Content starts

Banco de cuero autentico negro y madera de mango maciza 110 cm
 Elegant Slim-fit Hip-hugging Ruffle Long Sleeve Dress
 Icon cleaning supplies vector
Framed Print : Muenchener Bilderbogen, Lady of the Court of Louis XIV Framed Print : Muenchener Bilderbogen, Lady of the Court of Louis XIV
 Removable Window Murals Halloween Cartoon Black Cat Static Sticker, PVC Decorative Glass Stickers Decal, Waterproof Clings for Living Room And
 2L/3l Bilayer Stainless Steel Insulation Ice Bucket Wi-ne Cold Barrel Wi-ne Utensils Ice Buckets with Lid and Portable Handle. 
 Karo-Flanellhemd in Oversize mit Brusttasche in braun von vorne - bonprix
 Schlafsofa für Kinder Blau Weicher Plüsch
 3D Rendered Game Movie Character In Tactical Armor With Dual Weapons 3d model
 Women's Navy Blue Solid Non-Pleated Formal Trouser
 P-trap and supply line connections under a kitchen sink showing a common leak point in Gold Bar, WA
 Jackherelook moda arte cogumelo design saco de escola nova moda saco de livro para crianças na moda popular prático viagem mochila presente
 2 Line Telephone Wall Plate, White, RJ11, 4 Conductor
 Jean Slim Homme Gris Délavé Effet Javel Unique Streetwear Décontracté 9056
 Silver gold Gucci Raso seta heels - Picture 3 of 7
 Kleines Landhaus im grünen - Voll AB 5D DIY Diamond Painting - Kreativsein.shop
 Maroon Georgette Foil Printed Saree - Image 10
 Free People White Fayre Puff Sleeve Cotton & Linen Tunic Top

Content ends

=== Task prompt ===
A bare number is the whole answer: how many lines in the entries contain "Sleeve"?

=== Result below ===
2